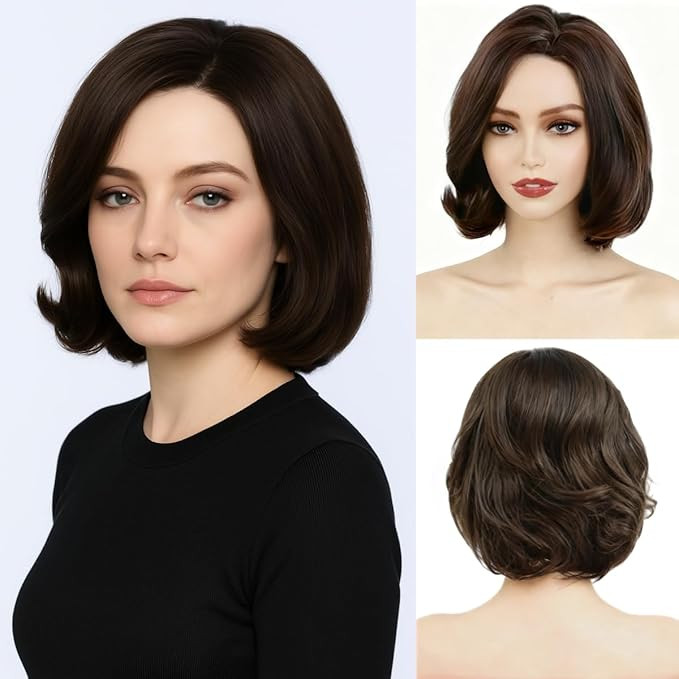 Short Brown Bob Wigs for Women Natural Wavy Mix Brown Color Layered Bob Wig Fashion Hairstyle for... | Amazon (US)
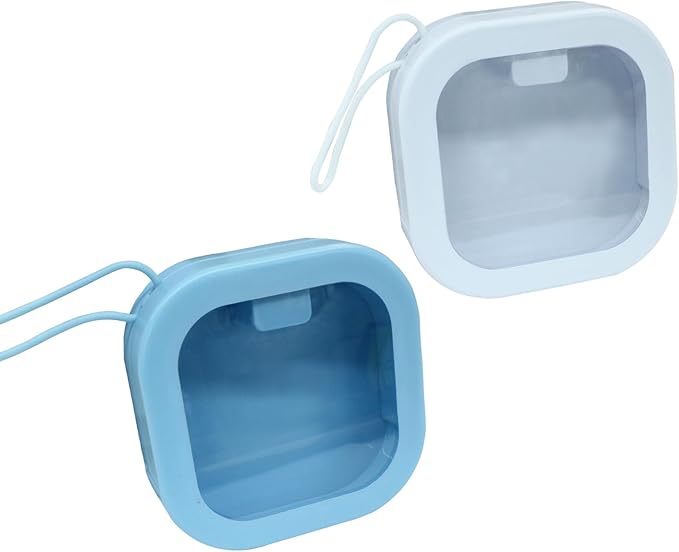 Zorfeter 2 Pack Portable Hair Tie Organizer, Small Hair Accessories Holder Clip Jewelry Organizer, Stackable Storage Box for Travel/Girls Women(Blue and White)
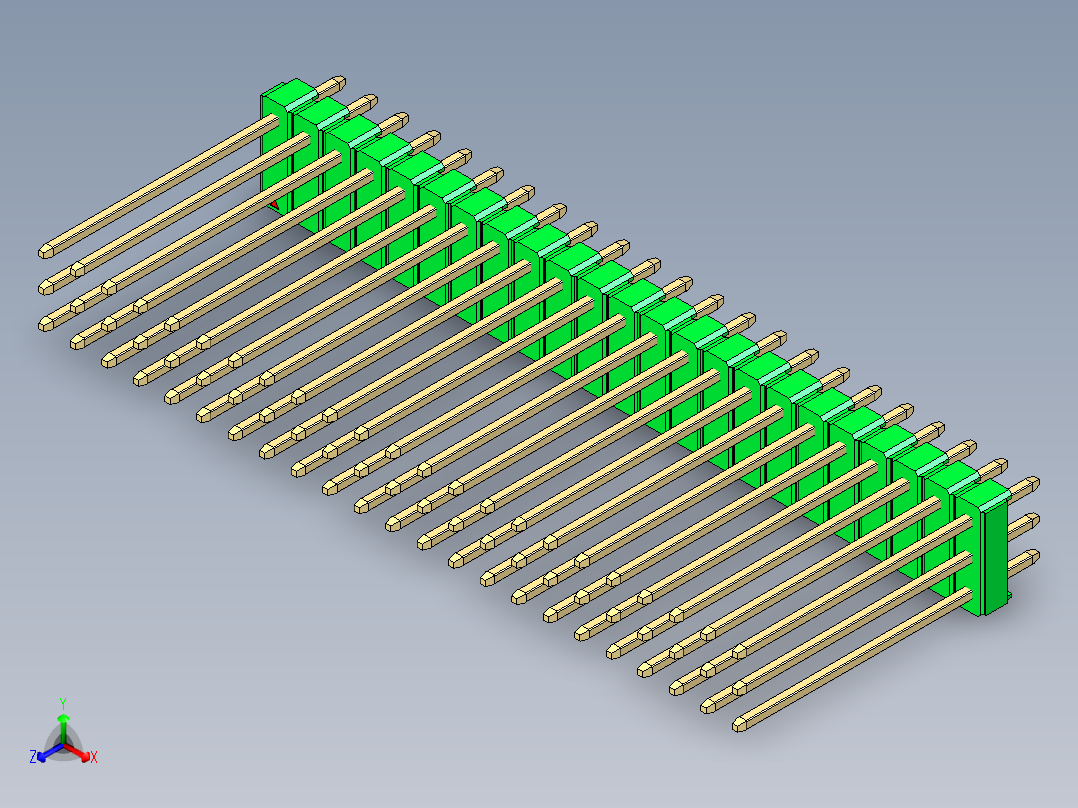 彩色公头100mil（2.54mm）系列-DS1021_green_3x23p_100mil_Type19_rev1.0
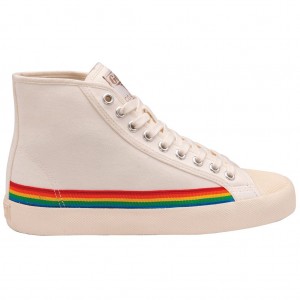 Gola Vegan Classics Coaster High Rainbow Drop Shoes Wit Nederland | 175-HTOSXP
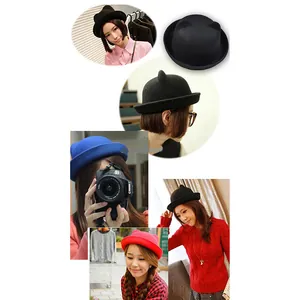 Détails de chapeaux melon d'hiver avec oreilles de chat en noir bleu et rouge élégant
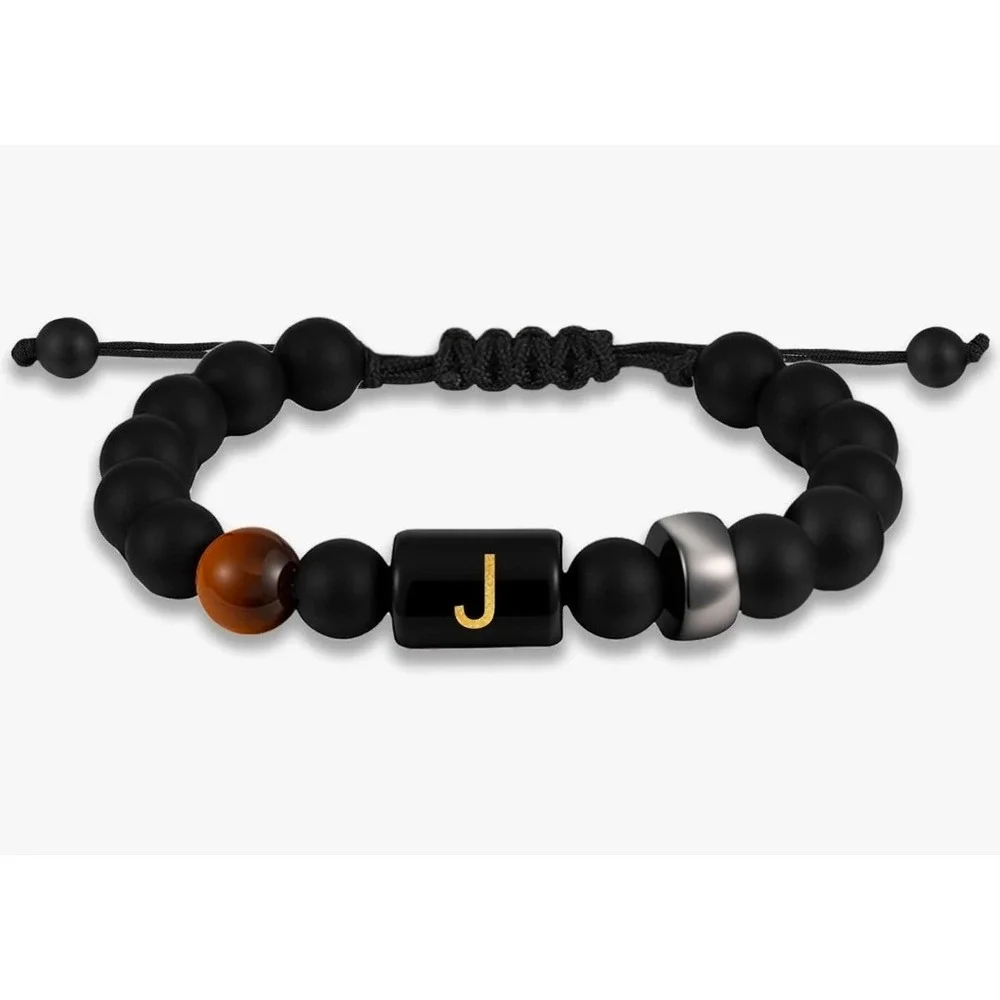 Mens Black Agate Tiger Eye Beaded Bracelet‎ Letter J Initial Adjustable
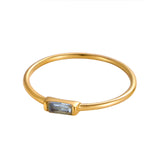 Birthstone Square Zircon Ring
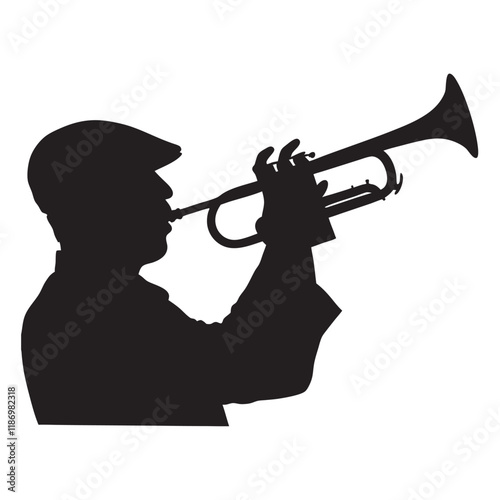 Silhouette of a musician, blowing a trumpet vector illustration isolated on a white background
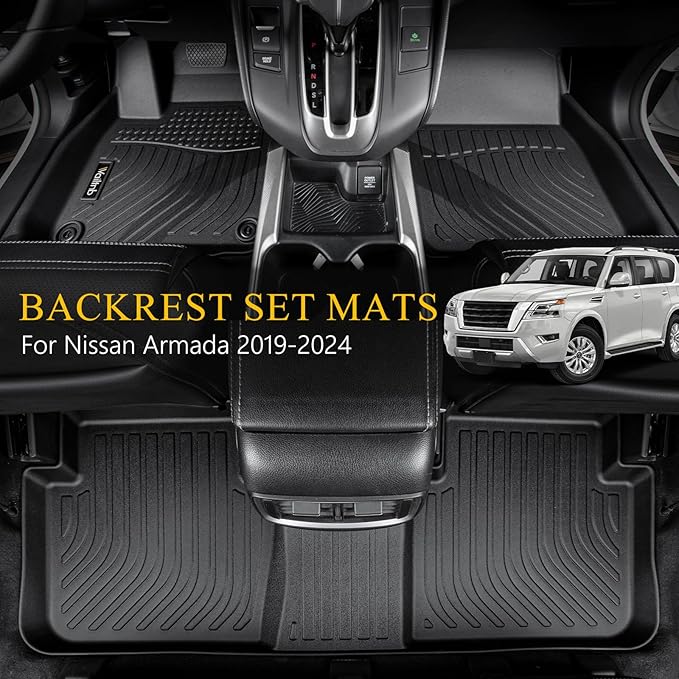 Wailtnb-All Weather Floor Mats & Cargo Liner Backrest Mat for Nissan Armada 2019-2024 Bench & Infiniti QX80 Custom Fit Nissan Armada 2019-2024 Bench & Infiniti QX80 Waterproof Durable Accessories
= = =
Write out exactly the lines from the one containing "Détails de chapeaux" through the end of the entries, both included. Pictures are not copied.

 Détails de chapeaux melon d'hiver avec oreilles de chat en noir bleu et rouge élégant
 Mens Black Agate Tiger Eye Beaded Bracelet‎ Letter J Initial Adjustable
 Birthstone Square Zircon Ring
 Silhouette of a musician, blowing a trumpet vector illustration isolated on a white background
 Wailtnb-All Weather Floor Mats & Cargo Liner Backrest Mat for Nissan Armada 2019-2024 Bench & Infiniti QX80 Custom Fit Nissan Armada 2019-2024 Bench & Infiniti QX80 Waterproof Durable Accessories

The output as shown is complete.